The question that I'm trying to solve is:
At the CH Company, Joan, has a secretary Teresa, and three other administrative assistants. If seven accounts must be processed, in how many ways can Joan assign the accounts so that each assistant works on at least one account and Teresa's work includes the most expensive account?
(Grimaldi p.288)
I approached this question as distributing identical objects into distinct containers where no container left empty and the repetitions were allowed. So,
x1+x2+x3+x4=3 (I distributed 4 of them to the containers and left with 3 more accounts)

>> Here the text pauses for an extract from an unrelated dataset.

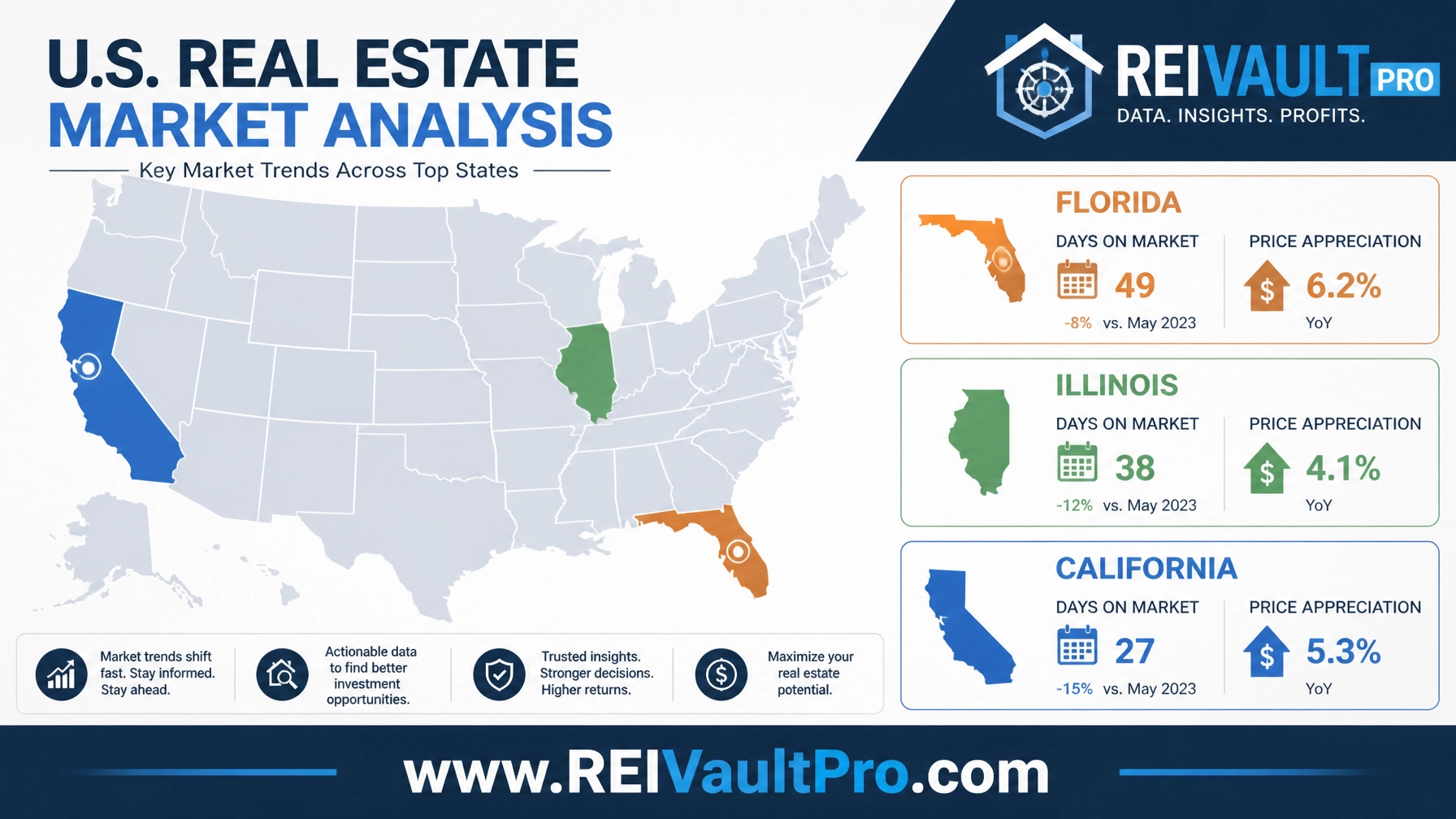 Real estate market analysis map and data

So the rest (at least for me) was C(6,3). But apparently It was wrong. Where did I make the mistake? Because in solution it just goes through it without any trace of explanation.
Solution in the book is, with my words:
Since this is an onto function where the domain is the accounts and the codomain is the employees, then applies the number of onto functions formula to case by case.
As mentioned above it divides into two cases in which the first case; Teresa (secretary) works only on the most expensive account. And the second case; Teresa works on the most expensive one along with other accounts.
The answer is 540+1560=2100.
I think you have to assume you are distributing distinguishable objects into distinct containers. You need to use Stirling numbers of the second kind or something similar.
The answer in the book seems to be $S_2(6,3)\times 3! + S_2(6,4)\times 4! = 90 \times 6 + 65 \times 24$.
I might do it another way and say that you have to distribute $7$ accounts onto $4$ people, though only a quarter of these give Teresa the most expensive account, so $\frac14 \times S_2(7,4) \times 4! = \frac14 \times 350 \times 24$, which gives the same answer.